* PROBLEM *
Copy out nothing but the lines from the one holding "Mint Tourmaline 2cts min 2.3cts avg" through the end of the entries below, exactly as written and without the pictures.

* Image-text web data *

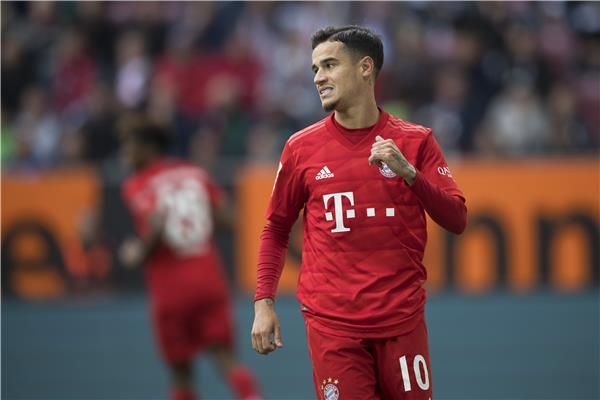 فيليب كوتينيو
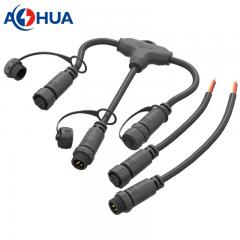 waterproof connector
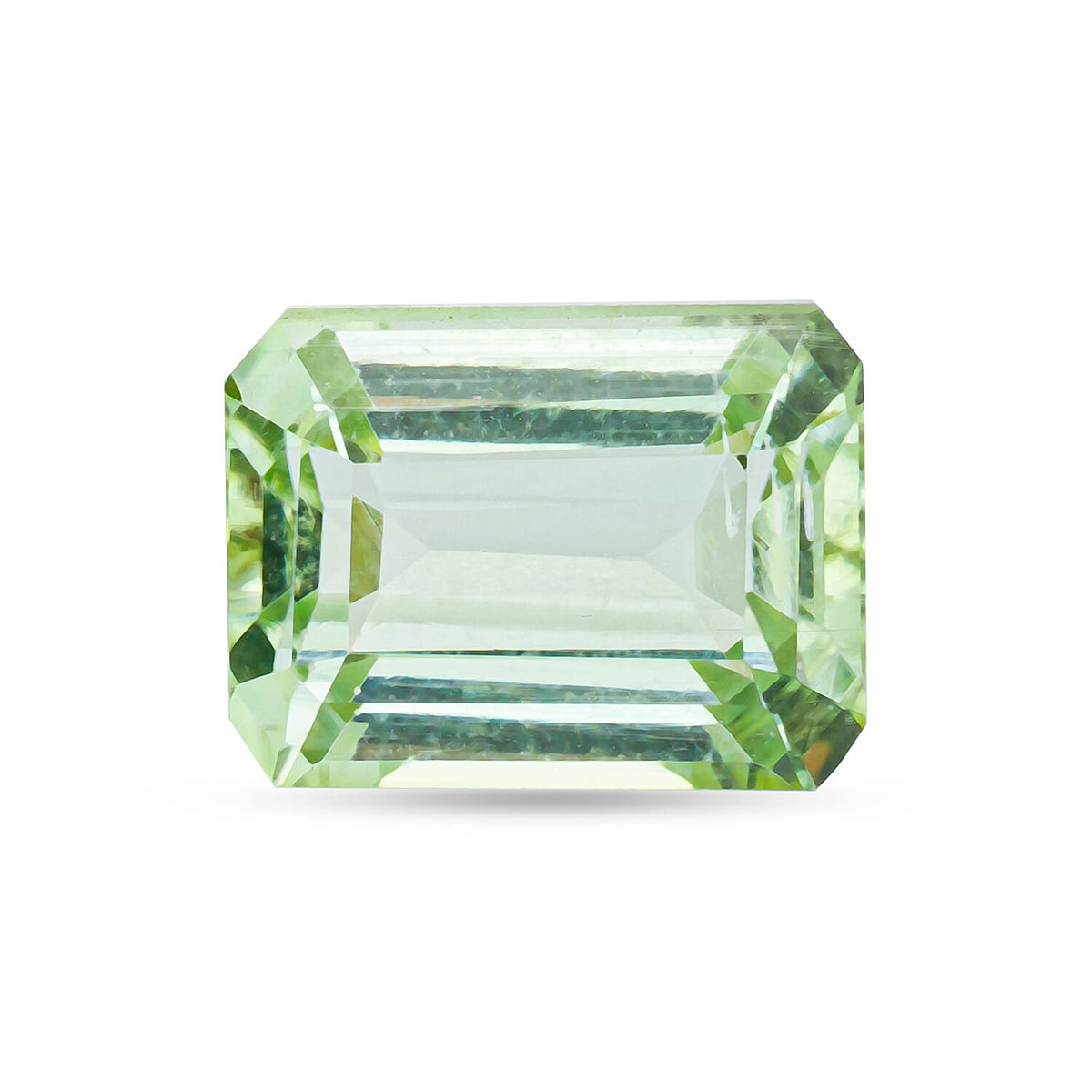 Mint Tourmaline 2cts min 2.3cts avg
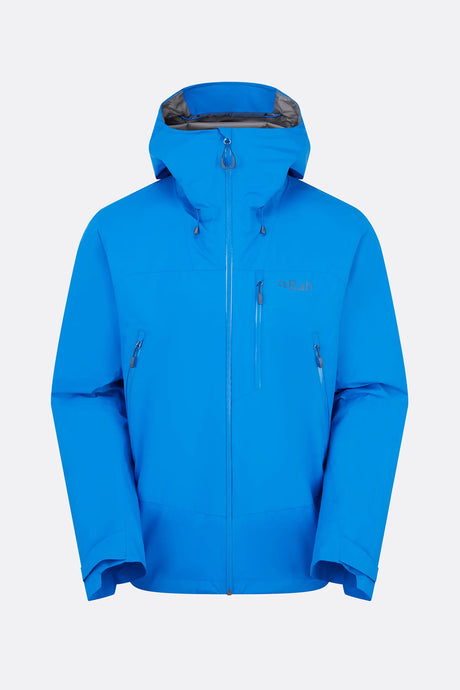 Downpour Mountain Jacket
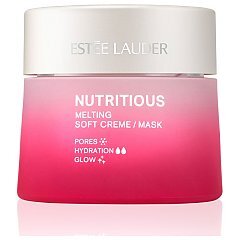 Estée Lauder Nutritious Melting Soft Creme/Mask Moisturizer 1/1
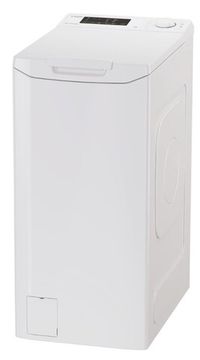 Пральна машина з вертикальним завантаженням Candy TCA273D3-9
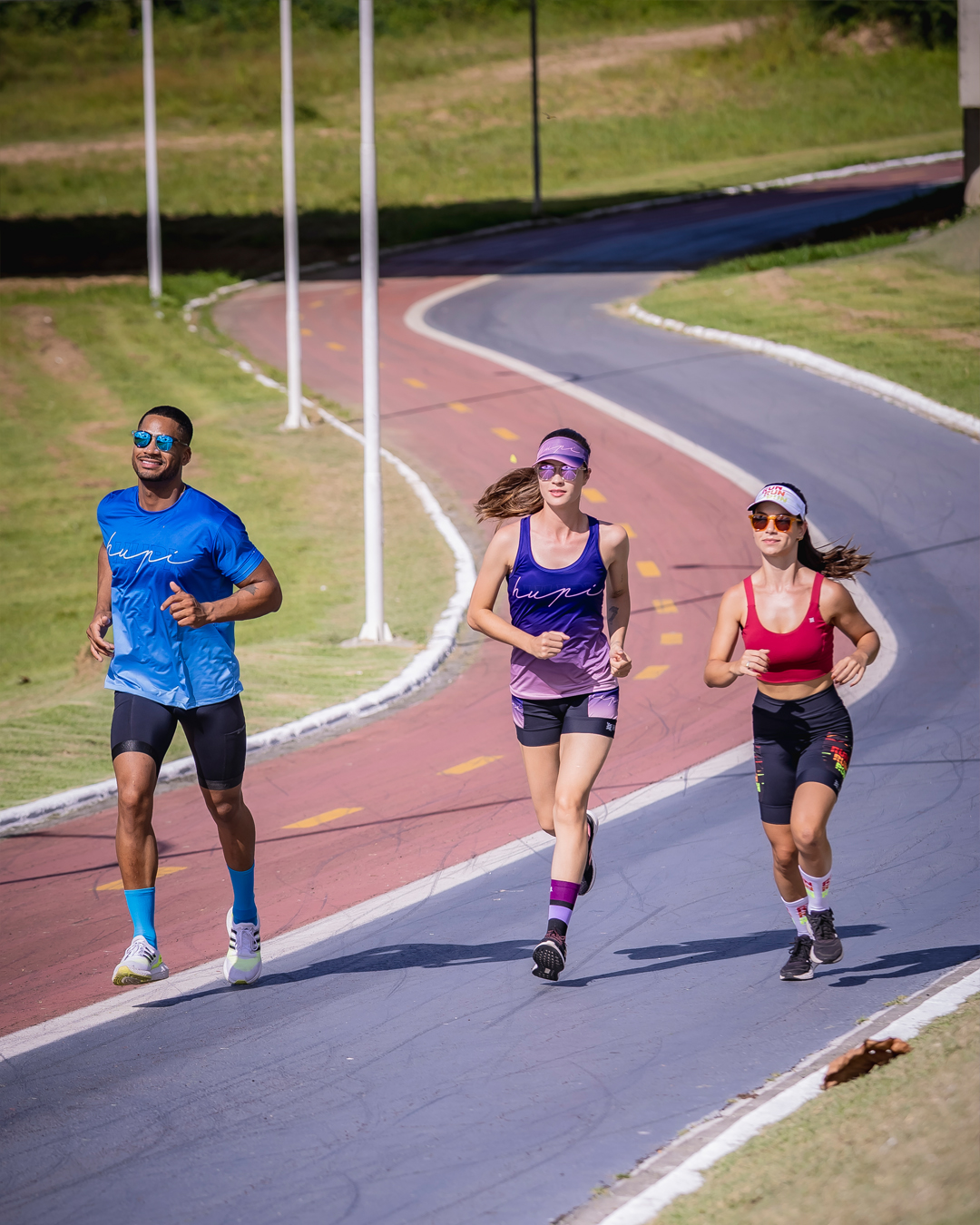 corrida para iniciantes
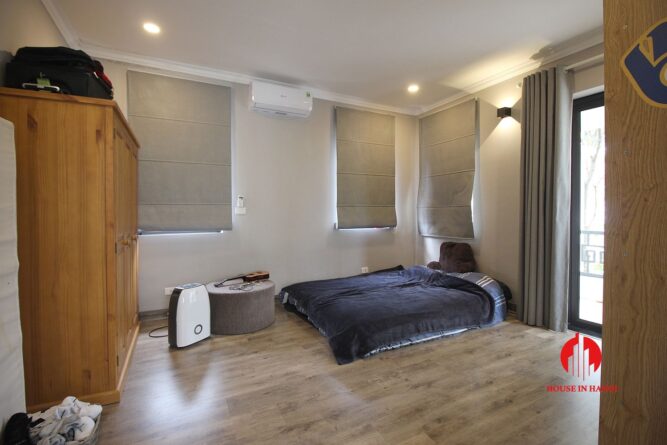 cho thuê biệt thự ciputra đẹp trang nhã hiện đại 7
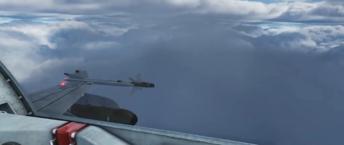 DCS: F-5E Tiger II PC Screenshot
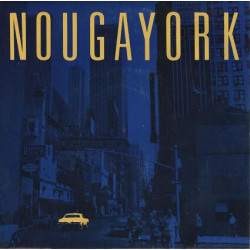 Nougayork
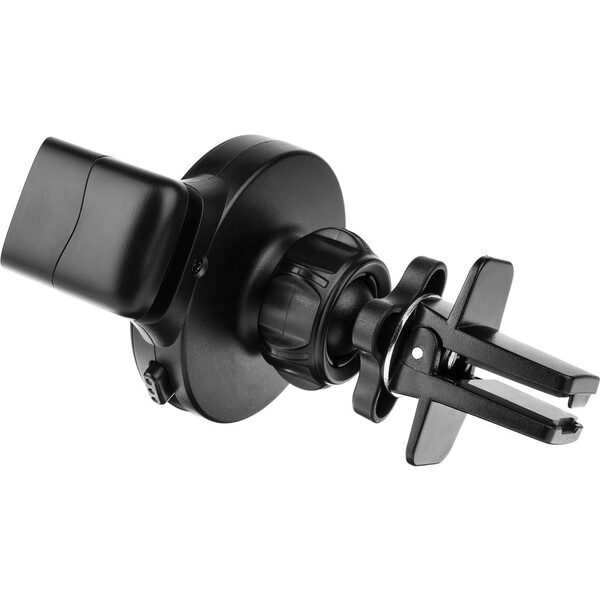 FIXED-Roll-2-Vent-drzak-do-mrizky-ventilace-cerny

* EXERCISE ANSWER *
 Mint Tourmaline 2cts min 2.3cts avg
 Downpour Mountain Jacket
 Estée Lauder Nutritious Melting Soft Creme/Mask Moisturizer 1/1
 Пральна машина з вертикальним завантаженням Candy TCA273D3-9
 corrida para iniciantes
 cho thuê biệt thự ciputra đẹp trang nhã hiện đại 7
 DCS: F-5E Tiger II PC Screenshot
 Nougayork
 FIXED-Roll-2-Vent-drzak-do-mrizky-ventilace-cerny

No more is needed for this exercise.